By Ashwath Komath

Edited by Anandita Malhotra,Senior editor,The Indian Economist

Fighting terrorism is not an easy task. The threat of terrorism varies from region to region. The mindset of terrorists, their tactics, their strengths and weaknesses, their resolve, their aims and their objectives may vary from person to person.

Indonesia was a country which suffered from very rampant terrorism especially by the Jeemah Islamiyah (JI), one of the most prominent and powerful terrorist groups in South East Asia. Indonesia has the highest number of Muslims in the world and fighting Islamic terrorism in the country requires a very fine balance between trying to pacify the fundamentalists and hardliners and at the same time being harsh on suspects.

Active efforts against terrorism in the country actually took place after the Bali bombings of 2002. Terrorism was ruining Indonesia’s image and was damaging tourism, a very important source of revenue in Indonesia.

Indonesia ramped up its counter-terrorism outfits and results were surprisingly effective.

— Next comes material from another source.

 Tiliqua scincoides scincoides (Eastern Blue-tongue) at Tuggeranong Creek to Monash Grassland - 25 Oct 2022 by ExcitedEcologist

Many major suspects were apprehended within three months of the blasts which proved beneficial. And Indonesia didn’t stop there; they took it a step further and added to it.

Indonesia’s counter-terrorism policy lay within strengthening two important elements. One is law and the other is surveillance. It began a new elite counter-terrorism police force called Densus 88. It started conducting operations against the JI immediately. It was a body known for its ruthlessness in dealing with terrorism.

Prevention was the main focus of the Indonesians who enhanced their intelligence by infiltrating mosques and cultivating more informers amongst the upgrading of their other counter-terrorism machinery in terms of equipment to strengthen their signals intelligence. They started surveillance of known terrorist suspects. A very long, drawn-out and extensive surveillance programme managed to get them some very strong leads and eventually led to the arrest of many of the Bali bombing suspects.

But that was not all. The Indonesians didn’t just give up after this. Subsequent monitoring was the key to rooting out the JI network completely. The problem was that the JI was not only in Indonesia but also had bases in Philippines, Thailand and Malaysia, situated in the Muslim-majority areas and planning out attacks in these countries especially targeting Westerners and tourists.

Such a lengthy surveillance programme got about more than just the terrorists, but also weeded out other criminal elements who were in some way were related to terrorism, including drug-lords, arms dealers, financiers, mules and other suppliers. This eroded the kind of base needed for conducting terrorist activities. So by dismantling the terrorist infrastructure and other necessities and cutting them off, the Indonesians deprived them of any support. Also with so many arrests, information about sleeper cells and training camps and other associates of the terrorist network just came out with a treasure trove of other information.

To aid this, Indonesia needed a more active judiciary that could prosecute these terrorists as soon as possible and sentence them to jail or to death. They amended laws, made new ones and prosecuted the suspects quickly and efficiently.

The success of this model lies in persistence, consistency and patience. The process of the surveillance was long and it was meant to use intelligence productively, which would lead to not only a drop in the cases of terrorism, but also exposes linkages between terrorism and organized crime. This wasn’t done in haste. It was a planned, coordinated and incessant project. These elements were necessary for the model to succeed.

This a model also for the reason that it showed that terrorism need not be fought solely by large-scale interventions like other countries do like Thailand which nearly declares martial law in Muslim areas of the country whenever a terrorist attack takes place. With persistence and patience, the terrorist organizations would erode and wither out when they are not being able to conduct its activities.

Diplomacy played an important role as well. The anti-terrorism efforts of Indonesia received help from Australia, USA, UK and many other countries in terms of training, equipment and intelligence.

This is a case for strengthening of intelligence and efforts domestically itself in order to fight terrorism.

This doesn’t mean that the model is flawless. On the contrary, there were many flaws. There are a lot of allegations of incidences of Human Rights  violations by the Densus 88, something that generates problems as far as prosecutions is concerned. This has also prompted a discussion amongst Indonesia’s lawmakers as to whether they should end the mandate of the Densus 88. This would be counter-productive. Also, terrorists have now decided to target the police in order to erode their ability to fight terrorism. So the counter-terrorists have become the targets of terrorism.

Furthermore, there is another debate over surveillance and the breach of privacy of individuals. This is a genuine concern and is an important human rights issue that needs deliberation and discussion.

While these are alarming trends, the good lessons that of intelligence enhancements as well as stronger law-making and judicial processes must be imbibed by counter-terrorism forces all over the world in order to fight terrorism.

Ashwath is a graduate in Political Science from Fergusson College, Pune. He is an aspiring diplomat and hopes to join the Indian Foreign Service someday. He enjoys writing about foreign policy, international security and international affairs. When he is not writing or reading, he enjoys playing pool with his friends, watching foreign cinema and listening to instrumental music.